How do you get outside? Stairs? Elevator? It sounds like it is not 'being' outside is the issue, but getting there is.


----------



## darrenm (Sep 11, 2011)

We take 2 flights of stairs, which he never used to mind. But even when we're down the stairs he doesn't want to go out the door.


----------



## Charliethree (Jul 18, 2010)

Dogs can go through another fear period between 8 - 14 months, when things that didn't used to bother them, they are all of a sudden uncomfortable with. What 'triggers' him to run and hide? Getting the leash out? Putting the leash on his collar? putting your shoes on? Do you have a phrase you use to 'cue' it is time for a walk?


----------



## ebenjamin85 (Apr 13, 2008)

It could def. be the storms, also fireworks maybe? I would just be gentle but consistent. When you start to go out make sure you actually go out. Give a few small treats (even a piece of food may do) when you get the leash on, get down the stairs, and again when you get outside. Make going outside fun again! Good luck and let us know how it goes!


----------



## OutWest (Oct 6, 2011)

I second the idea of the treats at various points in the getting out the door process. Also try to desensitize him to putting on the leash. Get it out, put it on him, and in a few minutes take it off. He'll get a bit more comfie with the idea of it going on. You might also have a really, really high value treat in your pocket that he only gets when he's outside on the sidewalk, along with a lot of praise. If he gets that consistently a few times, he'll start looking forward to getting outside--might help him overcome his reluctance.


----------



## darrenm (Sep 11, 2011)

Charliethree said:


> Dogs can go through another fear period between 8 - 14 months, when things that didn't used to bother them, they are all of a sudden uncomfortable with. What 'triggers' him to run and hide? Getting the leash out? Putting the leash on his collar? putting your shoes on? Do you have a phrase you use to 'cue' it is time for a walk?

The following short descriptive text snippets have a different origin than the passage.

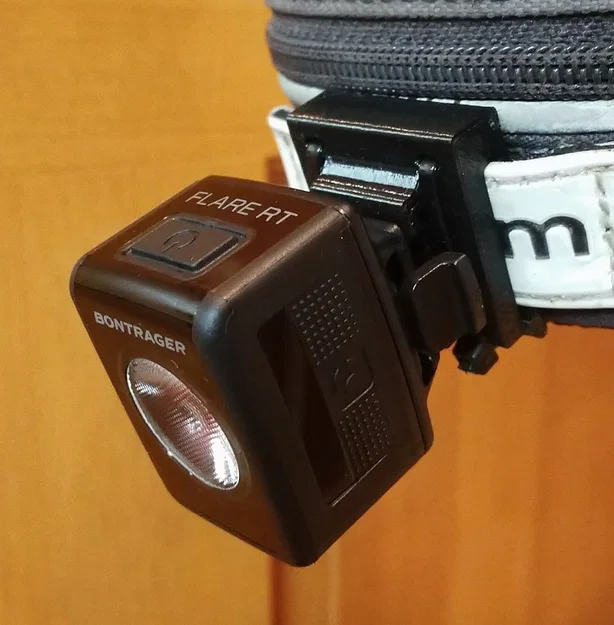 Ngàm gắn đèn hậu Bontrager Flare lên túi yên xe đạp - Image 1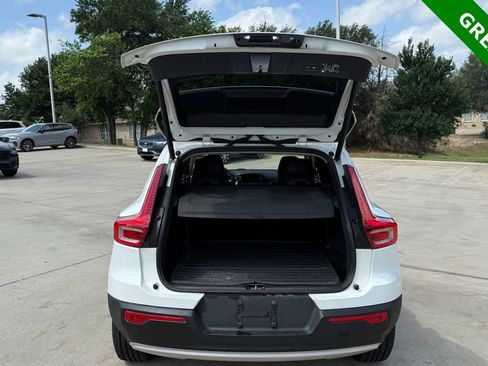 Used 2019 Volvo XC40 T5 Momentum AWD/4WD image 7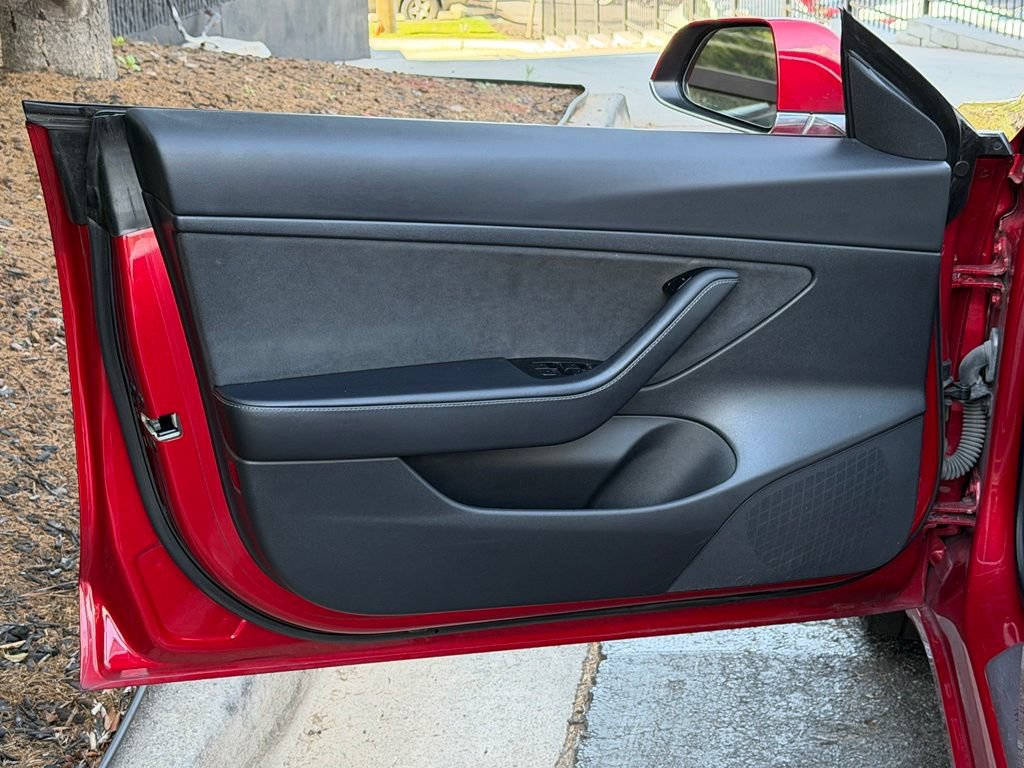 Used 2020 Tesla Model 3 Standard Range RWD image 28
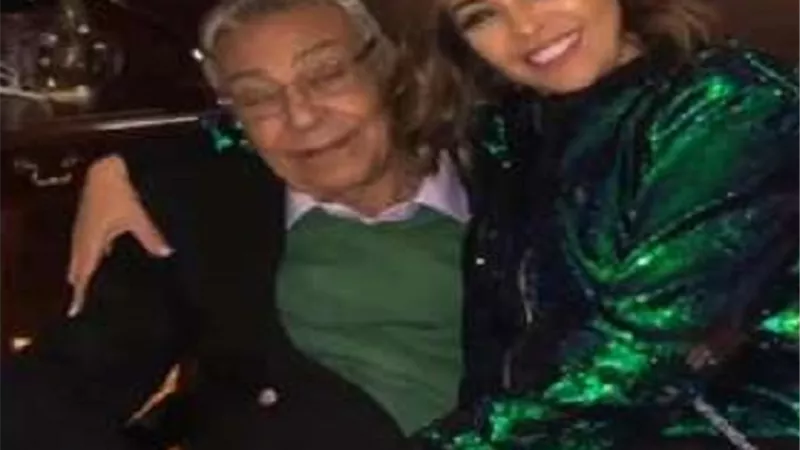 كلاكيت ثانى مرة.. أحمد فريد يعلن وفاة والد داليا البحيري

I can get his collar on no problem, but then he pretends his legs don't work. On the other hand if I mention a walk he'll run as far from the door as possible.


----------



## darrenm (Sep 11, 2011)

I was reluctant to use treats to lure him outside, but it'll probably be easier to get him out of that habit than the non-walking one.

And of course there just happens to be a thunder storm passing through right now, so we'll have to wait to try :/


----------